A medical DNA database is a DNA database of medically relevant genetic variations. It collects individual’s DNA which can reflect their medical records and lifestyle details. Through recording DNA profiles, scientists may find out the interactions between the genetic environment and occurrence of certain diseases (such as cardiovascular disease or cancer), and thus finding some new drugs or effective treatments in controlling these diseases. It is often collaborated with the National Health Service.[4]

National DNA databases

A national DNA database is a DNA database maintained by the government for storing DNA profiles of its population. Each DNA profile based on PCR and uses STR (Short Tandem Repeats) analysis. They are generally used for forensic purposes which includes searching and matching of DNA profiles of potential criminal suspects.[5]
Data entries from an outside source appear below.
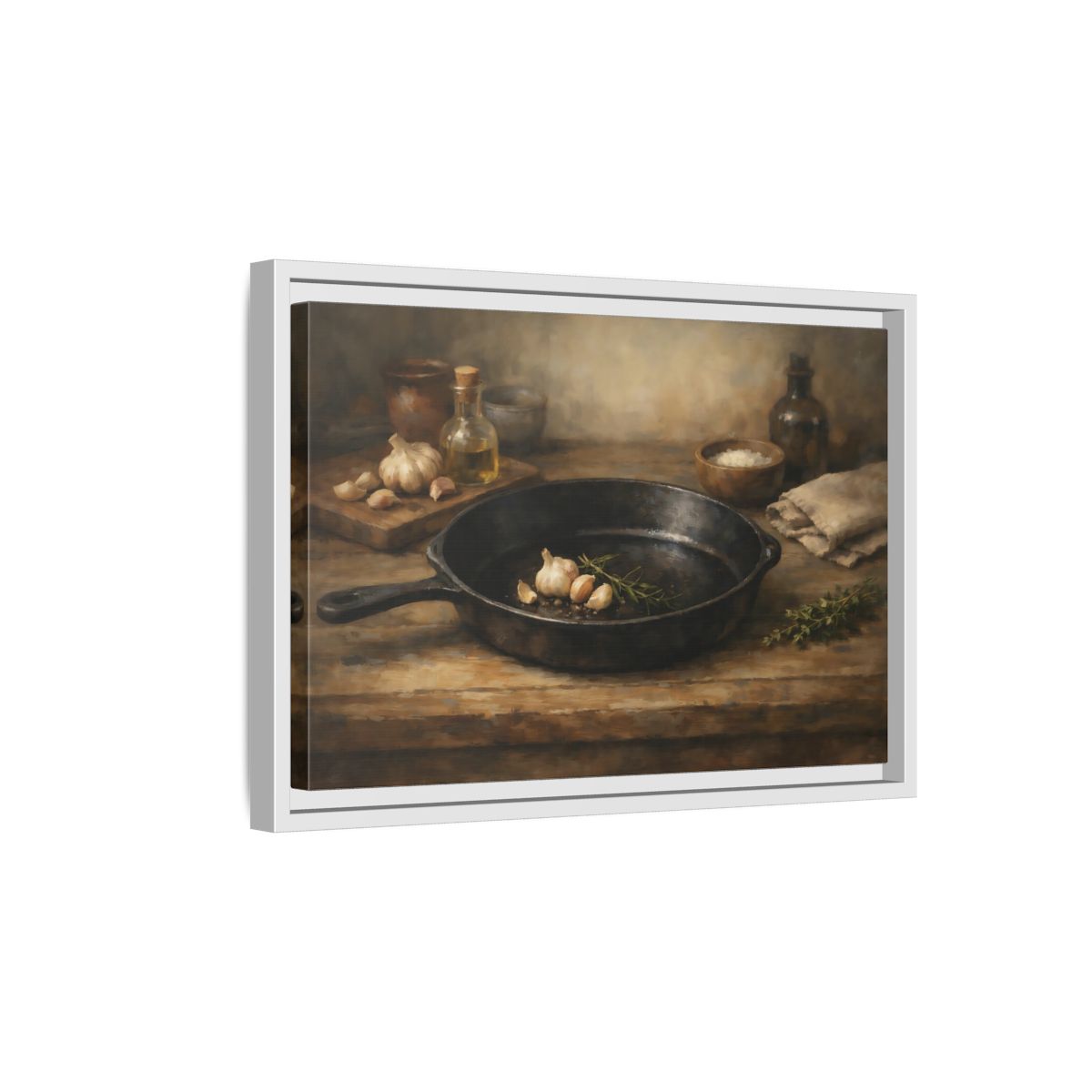 Side Mockup 4. Nature Garlic Rustic Brown shown as stretched canvas wall art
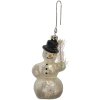 Clayre & Eef 6GL4718 Pendentif de Noël en verre blanc noir Ø 5x10 cm style campagnard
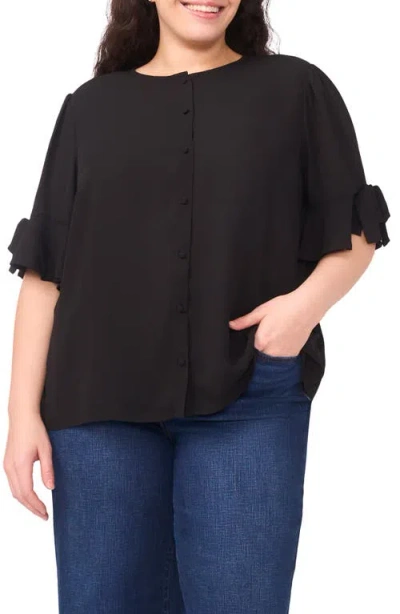 Cece Ruffle Short Sleeve Shirt In Black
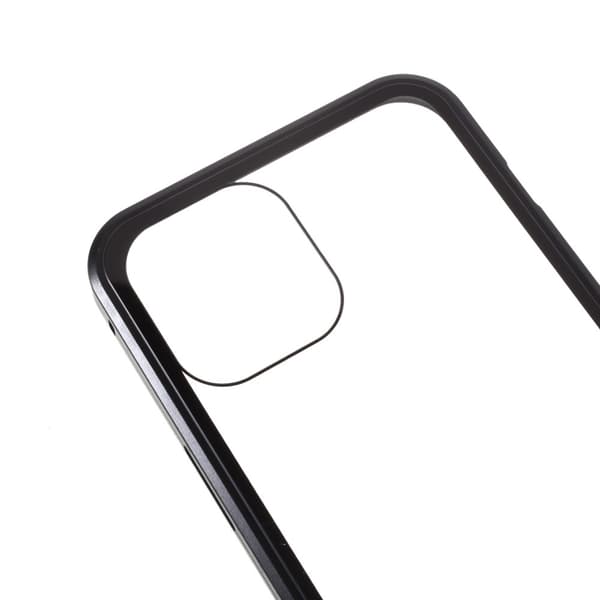Magnetisk Metal skal med Härdat Glas till iPhone 12 & 12 Pro - Svart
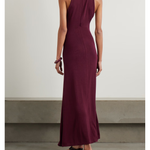 Burgundy sleeveless hooded maxi dress in Tencel Lyocell blend jersey — St Agni | Endless UAE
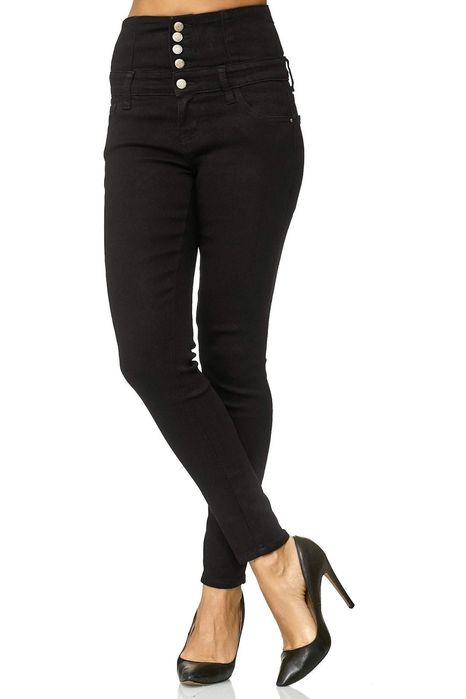 Blugi dama talie inalta skinny negri elastici marime M (EU XS)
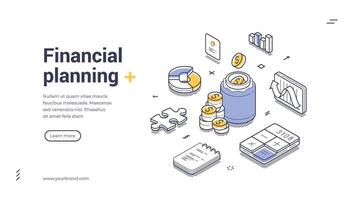 Financial management tools and elements line art isometric web banner, landing page template vector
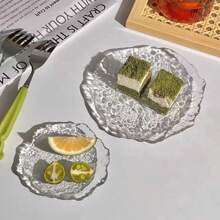 1pc Glacial Glass Breakfast Plate, Sauce Dish, Western Dessert Plate, Ideal For Festivals And Restaurants - Clear - View 4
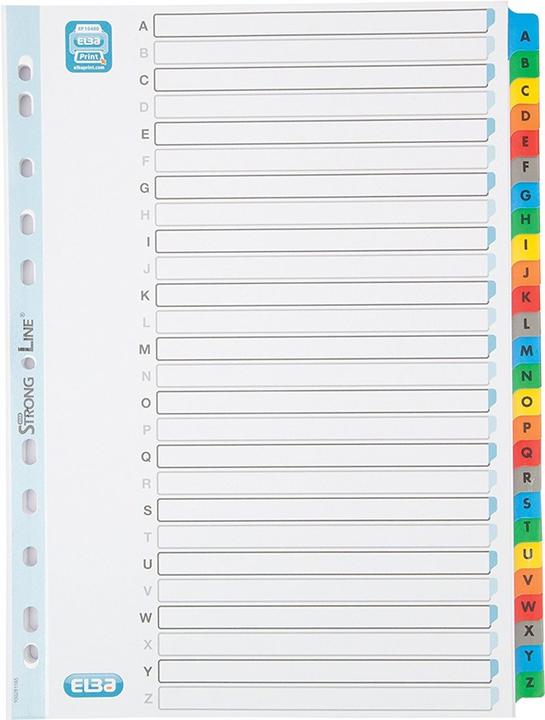 Produktbild Elba Mylar-Kartonregister A-Z, ohne "ST"-"SCH", 26-teilig, DIN A4, extra breit, Maße: (B)230 x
In 2009 Interpol reported there were 54 Police national DNA databases in the world at the time and 26 more countries planned to start one.[6] In Europe Interpol reported there were 31 national DNA databases and six more planned.[6] The European Network of Forensic Science Institutes (ENFSI) DNA working group made 33 recommendations in 2014 for DNA database management and guidelines for auditing DNA databases.[7] Other countries have adopted privately developed DNA databases, such as Qatar, which has adopted Bode dbSEARCH.[8]

United Kingdom

The first national DNA database was established in April 1995 by the United Kingdom, called National DNA Database (NDNAD). By 2006, it had contained 2.7 million DNA profiles (about 5.2% of the UK population), as well as other information from individuals and crime scenes[9] and 5.7 million profiles by 2015.[10][11] The information is stored in the form of a digital code, which is based on the nomenclature of each STR.[12] In the UK, police have wide-ranging powers to take DNA samples and retain them if the subject is convicted of a recordable offence.[13][14] As the large amount of DNA profiles which have been stored in NDNAD, "cold hits" may happen during the DNA matching, which means finding an unexpected match between an individual's DNA profile and an unsolved crime-scene DNA profile.This can introduce a new suspect into the investigation, thus helping to solve the old cases.[15]

United States

The United States national DNA database is called Combined DNA Index System (CODIS). It is maintained at three levels: national, state and local. Each level implemented its own DNA index system. The national DNA index system (NDIS) allows DNA profiles to be exchanged and compared between participated laboratories nationally. Each state DNA index system (SDIS) allows DNA profiles to be exchanged and compared between the laboratories of various states and the local DNA index system (LDIS) allows DNA profiles collected at local sites and uploaded to SDIS and NDIS.

CODIS software integrates and connects all the DNA index systems at the three levels. CODIS is installed on each participated laboratory site and uses a standalone network known as Criminal Justice Information Systems Wide Area Network (CJIS WAN)[16][17] to connect to other laboratories.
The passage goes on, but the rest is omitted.